Editor’s note: This article is one of an occasional series profiling the 14 finalists for the Milwaukee Awards for Neighborhood Development Innovation (MANDIs). The Department of Veterans Affairs Community Resource and Referral Center is a finalist for the State Farm Building Blocks Award, which recognizes a real estate project that enhances the community.
For Allena Flood, experiencing homelessness was both a blessing and a curse. Flood, who served in the Navy as an information systems technician from 2000 to 2008, had fled domestic violence along with her three children.
She sought refuge at the U.S. Department of Veterans Affairs Community Resource and Referral Center (CRRC) in Milwaukee, where the staff assessed her situation and formulated a plan that helped her tap into a wealth of resources.
“I can’t even begin to tell you everything that they have done for me to make sure that I have gotten back on track,” said Flood, 33.
In three months, Flood found a renewed sense of security with the help of the VA. Through the resources at CRRC, she received assistance in finding and furnishing a home, obtained legal counsel to address her domestic violence situation and got a government job as a regional claims assistant for the Milwaukee VA Pension Center. “Everything I lost, I have back all over again,” said Flood.

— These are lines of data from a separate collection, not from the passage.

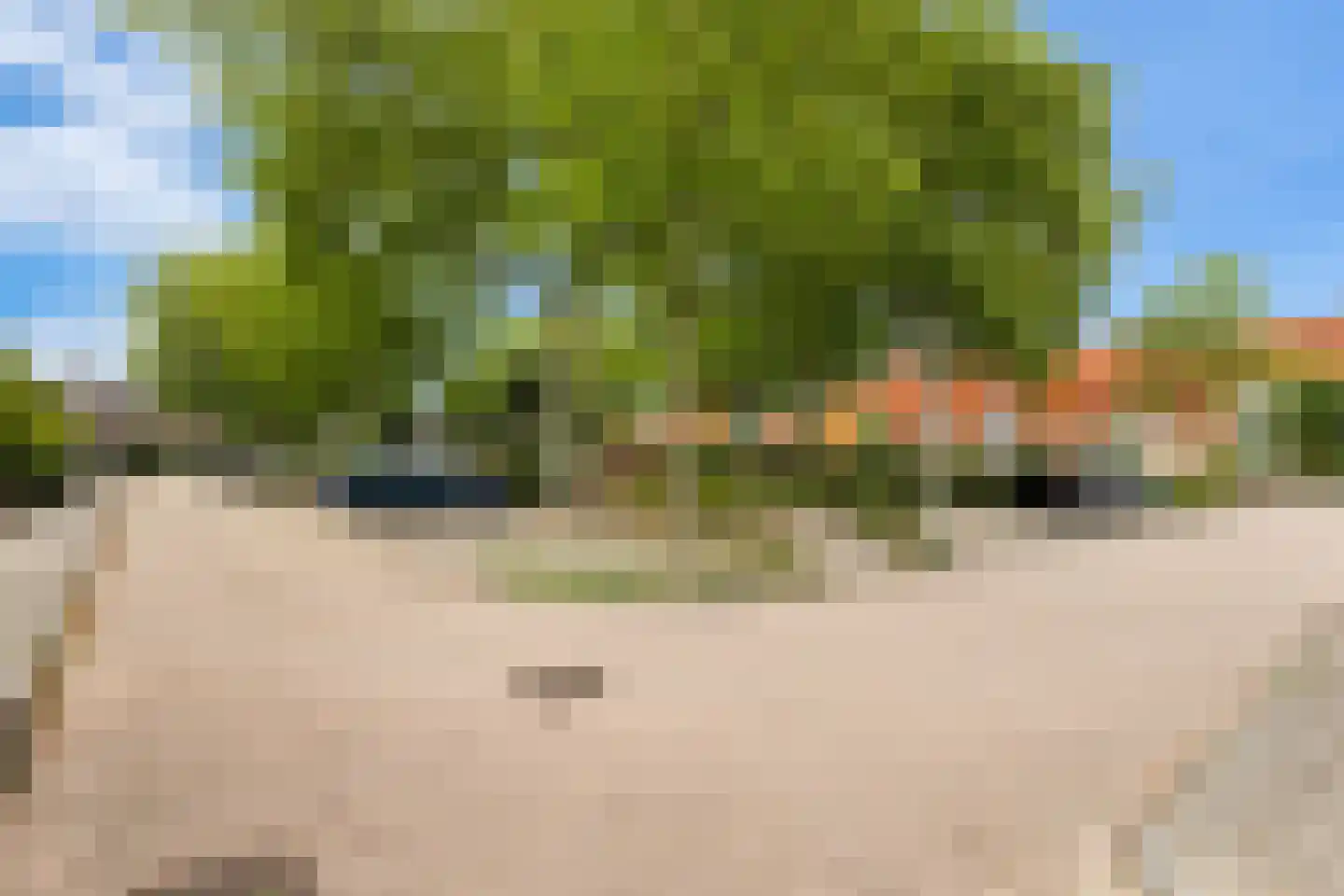 Van der Heijdenlaan 60 Zeist thumbnail 46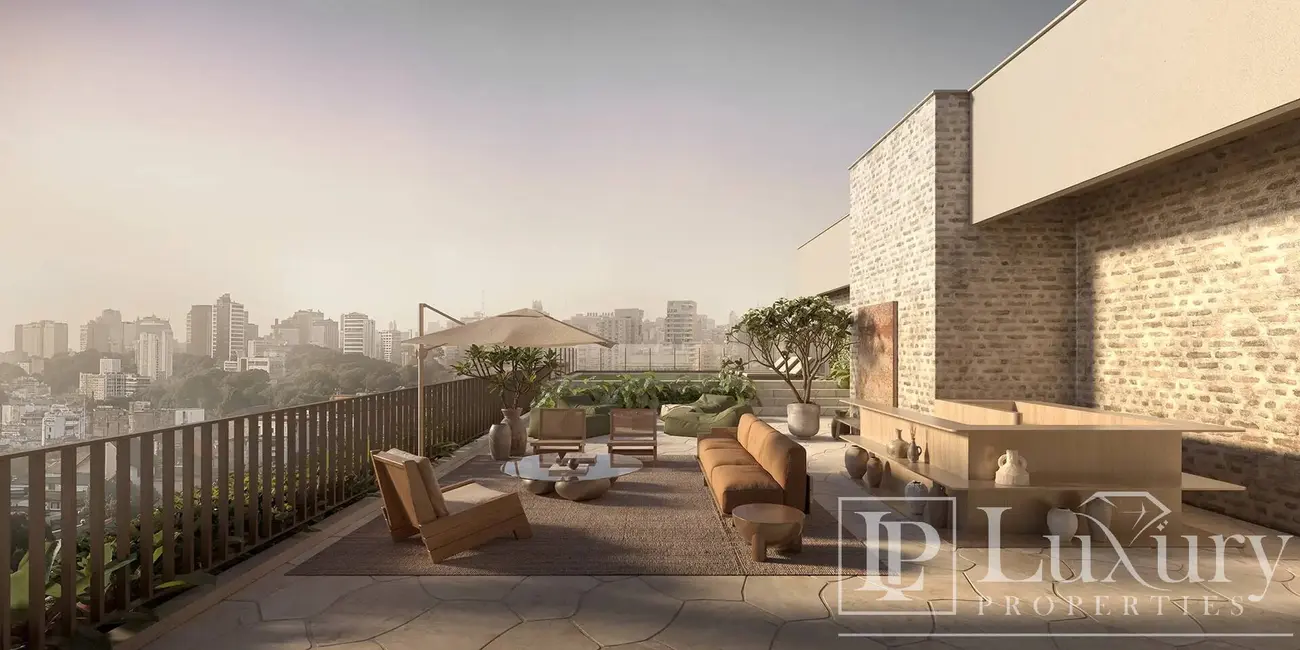 Foto 8 de Apartamento com 4 quartos à venda e para alugar, 239449m2 em Jardins, São Paulo - SP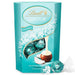 Lindt Lindor Coconut Truffles 200g - Happy Candy UK LTD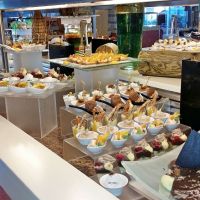 rodos palladium leisure & wellness hotel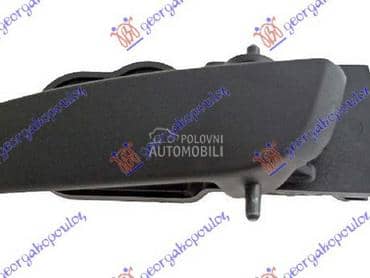 KVAKA KLIZNIH VRATA... za Peugeot Bipper za 2008. god.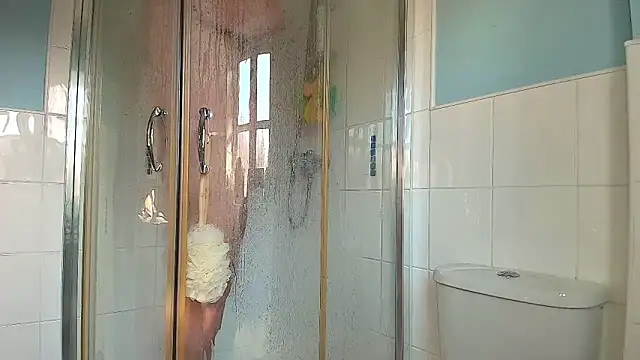 Snapshot of bigpru chatting on 6, 4, 2026 bigpru online show from 6, 4, 2026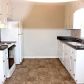 1782 Silver Leaf Dr SW, Marietta, GA 30008 ID:15632702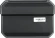 Звуковая карта Creative USB-C Sound Blaster G8 7.1 Ret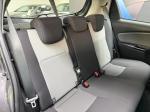 toyota-yaris-2020-gasolina-998cc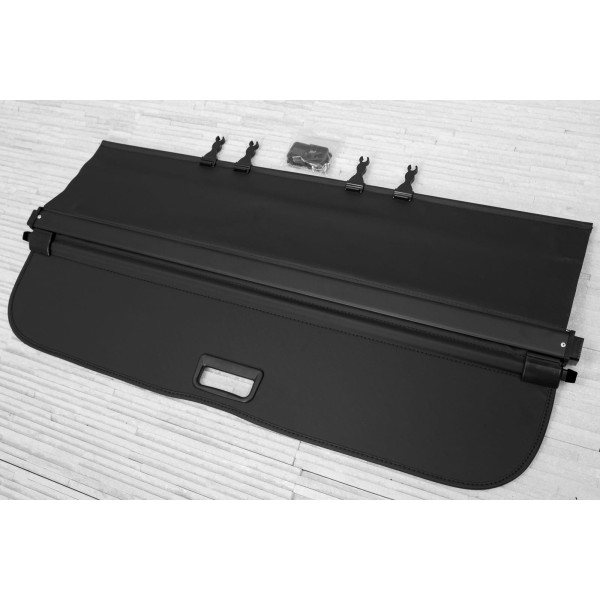 Rulou polita portbagaj MITSUBISHI ASX I 2010+2026 Cod OEM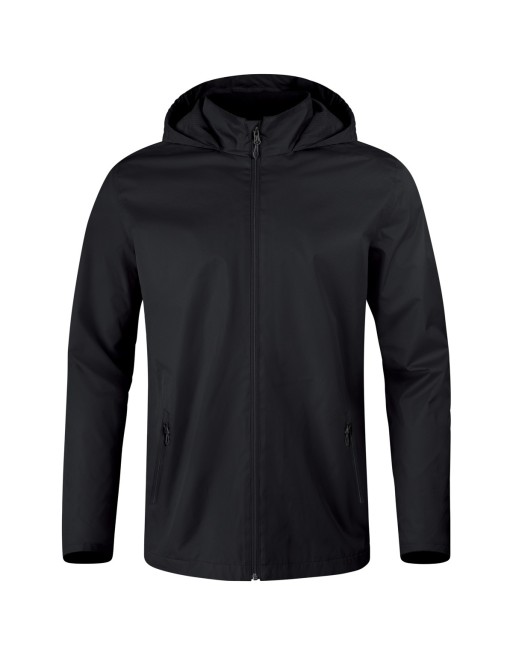 Allwetterjacke Allround / 100 % Polyester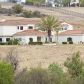 13216 Lexington Hills Drive, Camarillo, CA 93012 ID:1150069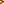 Destellos dst-3570076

“I don’t think people realize what the VA does in terms of helping veterans,” she added. “Whenever you find yourself in a bad position, or even if you just need someone to talk to that understands what you go through, the VA is there.”
CRRC opened its doors at 1818-1830 N. Martin Luther King Jr. Drive in December after a two-year restoration of the historic building, which was sitting vacant at the time of purchase.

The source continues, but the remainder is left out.